OVERVIEW OF DEVELOPMENTS IN CANADA
Hydro-Québec continuing to make moves in DER development
EVLO Energy Storage Inc. (EVLO), Hydro-Québec’s subsidiary launched in 2020, designs, sells and operates sustainable energy storage systems, and has developed lithium iron phosphate batteries used in energy storage systems. In 2021, EVLO announced its most advanced storage system to date: a 1-MWh battery storage designed for large-scale projects mainly aimed at power producers, transmission providers and distributors. During the same period, EVLO entered into a reseller agreement with Nuvation Energy, a provider of battery management systems and energy storage engineering services to battery manufacturers and power producers. Such agreement will allow Nuvation to resell the energy storage system developed by EVLO, which would then be built using Nuvation’s battery management systems.
The technology developed by EVLO has been implemented in some of Hydro-Québec’s projects and has seen its range of applications grow, including:
- Deployment of a 20-MWh battery energy storage system during work being carried out on a transmission line in the municipality of Parent, Québec, a remote community which is supplied by a single transmission line. The storage system, which will be recharged overnight, will supply the residential and commercial customers of Hydro-Québec with electricity during the day while the line is de-energized for work to be performed on the transmission line. The system will remain in place once the work is completed to act as an auxiliary source of energy in the event of a power outage. It is a solution to replace generators running on fossil fuels that would have otherwise been used during the transmission line work.
- The energy microgrid project located in Lac-Mégantic’s new downtown area was inaugurated in 2021 and is an example of the implementation of DERs. The microgrid is equipped with solar panels and energy storage units, and can operate independently from Hydro-Québec’s main grid. Energy surpluses generated by the microgrid can be fed back to the main grid. Hydro-Québec hopes to use the technology and expertise developed as part of the Lac-Mégantic project to decarbonize its off-grid systems, which are located in remote areas that mostly remain fossil-fuel dependent.
- A behind-the-meter application of EVLO’s technology in an office building in Blainville, Québec, to help manage peak energy consumption.
Furthermore, in its recent requests for proposals launched in December 2021 in respect of a 480 MW block of renewable energy and a 300 MW block of wind power, with expectations that energy delivery would begin no later than November 30, 2026 (as further described in our Quebec Regional Overview), Hydro- Québec has specified that the proposed projects can be combined with energy storage projects.
It is noteworthy that the energy storage component of a proposal will be considered by Hydro-Québec on a number of levels. The following project details must be included in a proposal: (i) the daily profile of the power available through the energy storage system for the winter period, with certain minimum requirements to be met in respect of guaranteed and fixed power availability (a minimum of 100 hours for the winter period and a minimum of three hours per day during peak winter periods), (ii) the installed capacity of the energy storage component, and (iii) such component’s contribution in the determination of the cost of electricity for the project.
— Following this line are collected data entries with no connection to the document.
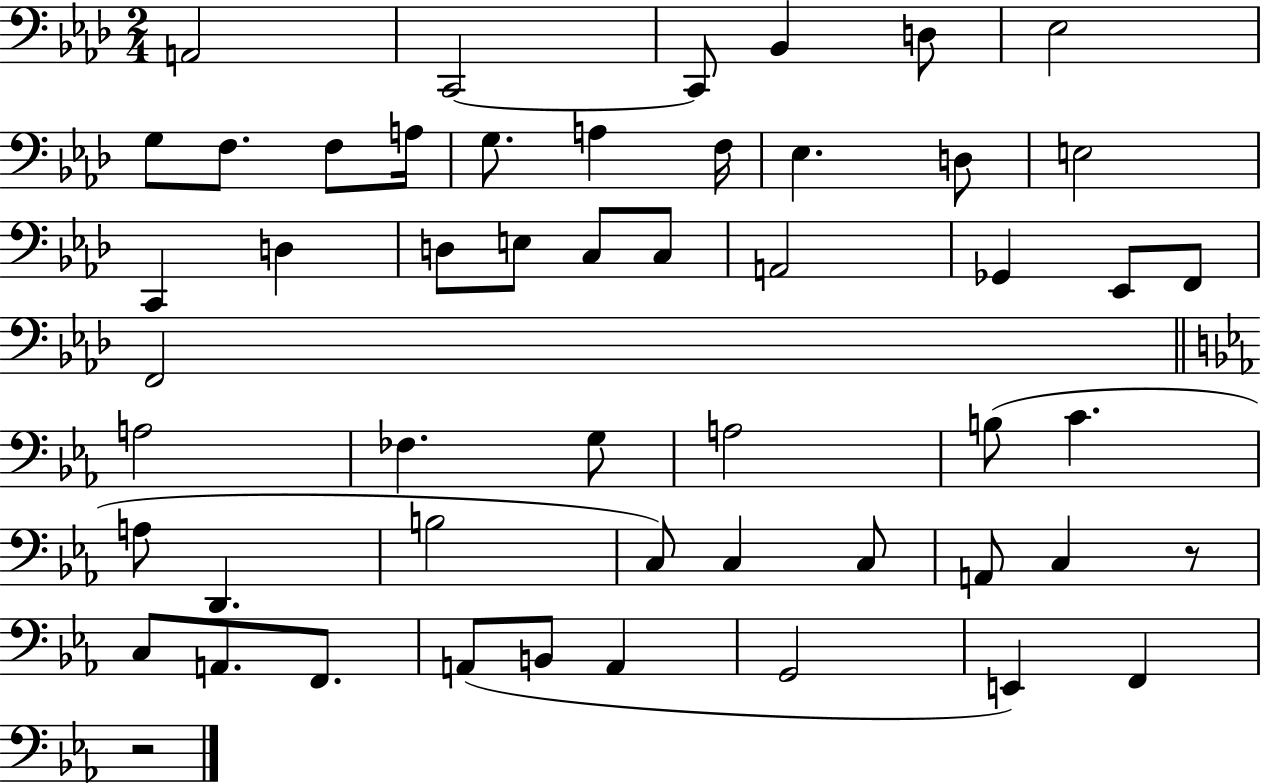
X:1
T:Untitled
M:2/4
L:1/4
K:Ab
A,,2 C,,2 C,,/2 _B,, D,/2 _E,2 G,/2 F,/2 F,/2 A,/4 G,/2 A, F,/4 _E, D,/2 E,2 C,, D, D,/2 E,/2 C,/2 C,/2 A,,2 _G,, _E,,/2 F,,/2 F,,2 A,2 _F, G,/2 A,2 B,/2 C A,/2 D,, B,2 C,/2 C, C,/2 A,,/2 C, z/2 C,/2 A,,/2 F,,/2 A,,/2 B,,/2 A,, G,,2 E,, F,, z2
The OEB and DERs – background
In 2017, the Ontario Energy Board (OEB) issued its Strategic Blueprint: Keeping Pace with an Evolving Energy Sector (Strategic Blueprint) which set out its commitment to modernize its approach to regulation in order to keep pace with an evolving energy sector. The Strategic Blueprint reflects the OEB’s recognition of significant changes underway and sets out four strategic goals:
- Utilities are delivering value to consumers in a changing environment;
- Utilities and other market participants are embracing innovation in their operations and the products they offer consumers;
- Consumers have confidence in the oversight of the sector and in their ability to make choices about products and services; and
- The OEB has the resources and processes appropriate for the changing environment.
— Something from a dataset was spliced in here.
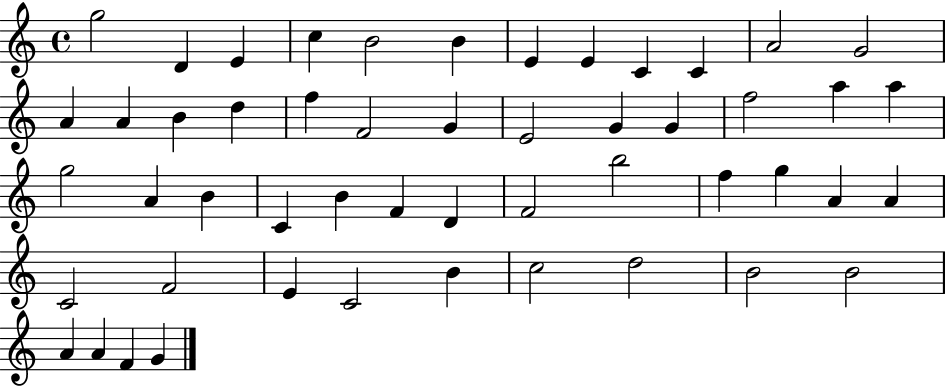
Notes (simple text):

G5/h D4/q E4/q C5/q B4/h B4/q E4/q E4/q C4/q C4/q A4/h G4/h A4/q A4/q B4/q D5/q F5/q F4/h G4/q E4/h G4/q G4/q F5/h A5/q A5/q G5/h A4/q B4/q C4/q B4/q F4/q D4/q F4/h B5/h F5/q G5/q A4/q A4/q C4/h F4/h E4/q C4/h B4/q C5/h D5/h B4/h B4/h A4/q A4/q F4/q G4/q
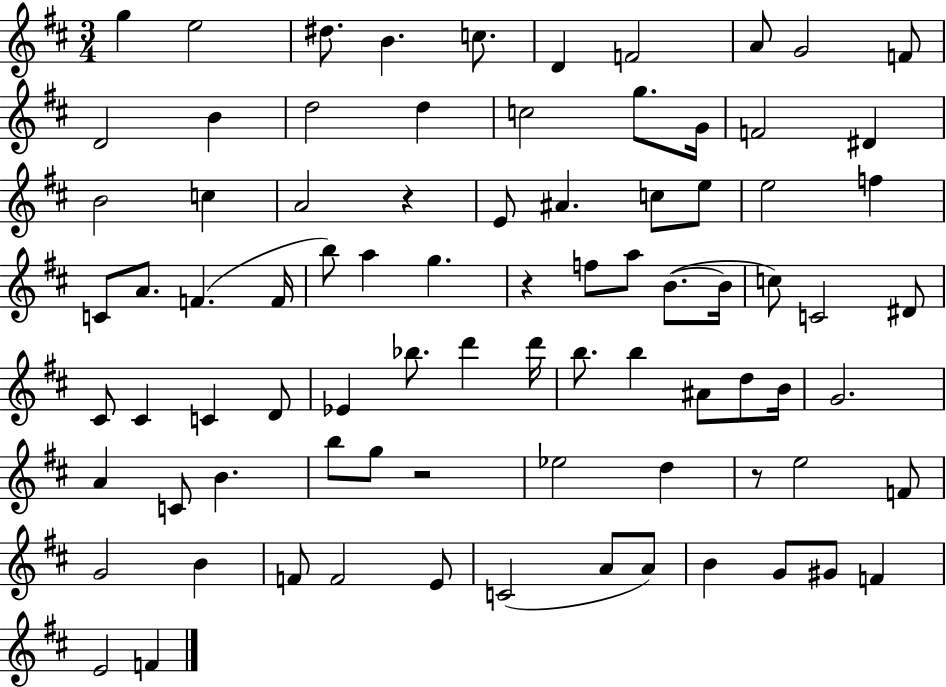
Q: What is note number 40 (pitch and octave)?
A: C5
In 2018, the OEB established an Advisory Committee on Innovation to help determine whether and how to adapt its regulatory framework to meet the above listed goals. In January 2019, the OEB held a public Stakeholder Forum to receive feedback on how it should proceed with initiatives to support the evolution of the sector. In response to the feedback received, the OEB initiated two integrated consultation processes: Utility Remuneration (EB-2018-0287) and Responding to Distributed Energy Resources (DERs) (EB-2018-0288). The OEB then held two further stakeholder meetings in September 2019 and February 2020, the latter at which the OEB facilitated the presentation of expert studies it commissioned to assist in confirming the scope and next steps for the Utility Remuneration and Responding to DERs initiatives.
Following further stakeholder feedback on these expert studies, the OEB announced in March 2021 that it would be effectively amalgamating the two initiatives into a single consultation entitled Framework for Energy Innovation: Distributed Resources and Utility Incentives (EB-2021-0118).
During this 2017-2021 period of lengthy public consultation conducted by the OEB, the Independent Electricity System Operator (IESO) has been steadfastly developing a framework for DERs integration at the wholesale level. The IESO’s work began with a series of white papers including conceptual models for DER participation (released October 2019), non-wire alternatives using energy and capacity markets (released June 2020), and exploring expanded DER participation in the IESO-administered markets (draft released in November 2020). In addition, the IESO commissioned its own report from third party consultant ICF on the development of possible transmission-distribution frameworks that facilitate DER market participation at both the wholesale or distribution levels and/or a hybrid participation model.
The recommendations and conclusions from these papers and report ultimately formed the framework for the IESO’s DER Roadmap launched in June 2021, establishing objectives, initiatives and timing for DER integration. The final version of the DER Roadmap objectives and proposed timelines was presented at an IESO stakeholder engagement webinar on October 20, 2021.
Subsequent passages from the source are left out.